素浪人旅日記

2009年3月31日に35年の教師生活を終え、無職の身となって歩む毎日の中で、心に浮かぶさまざまなことを綴っていきたい。

『選択の科学』第一講゛選択は本能である”を読了

2013年01月11日 | 日記
 「選択」という問題を真正面からとらえた本書には魅力がある。昨年は日本を含め世界の多くの国でトップを選ぶ選挙や大会があり否が応でも選択の結果に関心を持つことが多かった。

 また政治だけでなくさまざまな事件でも「なぜその道を選んだのだろう」と思ってしまう。例えば尼崎死体遺棄事件の被害者の行動選択、大津中や桜宮高校での生徒の自殺という選択などが私にとっては不可解な部分がある。そのヒントがほしいというのもこの本を手に取った大きな動機である。全部で8講、じっくり読みながら考えていこうと思っている。

 第一講では、「選択」の定義から始まる。⇒『自分自身や自分の置かれた環境を、自分の力で変える能力

 そして、「選択」には、まず「自分の力で変えられる」という認識を持たなければならない。
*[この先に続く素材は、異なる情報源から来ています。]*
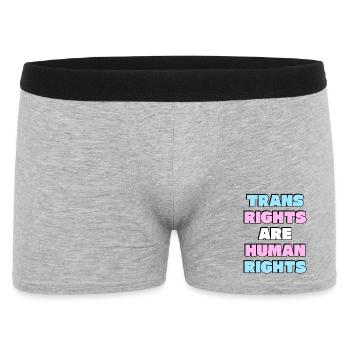 Trans-Rechte sind Menschenrechte - Männer Boxer Shorts - Grau meliert - Vorne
ということを動物園での動物、老人ホームでの実験を例にわかりやすく説明している。

 動物園の動物を“贅沢な監禁”ととらえた話は説得力があった。安全で食料も確実に手に入るにもかかわらず動物園の動物の寿命は短く、出生数も減少し、乳児死亡率は高いという事実がある。それは、動物に最も深く刻み込まれた生存本能(=選択したい)とはまったく相容れない環境におかれているからだという。

 また、老人ホームでの実験でも、自己決定権の有無の認識の差だけで身体的な健康状態に大きな影響が出てくるということがわかったという。生活実態そのものは同じで、違うのは認識だけであるというところがポイントとなる。

 たとえささいな選択であっても、頻繁に行うことで「自分で環境をコントロールしている」という意識を意外なほど高めることができる。裏返せば、選択したいという欲求が満たされないことが積み重なると大きなストレスとなるということである。

 社会生活を営んでいる以上、全体の利益のために、個人の選択を部分的に制限するような体制を人間は生み出し、それに従わざるをえないこともある。自分自身の今までを振り返ってみても仕事においても私生活でも思い当たることは多々ある。

 大切なことは自由と統制のバランスをいかにうまく図れるかということである。

 そういうことをベースにおいて教育や仕事のことを見つめ直すと新たな視点が生まれてきた。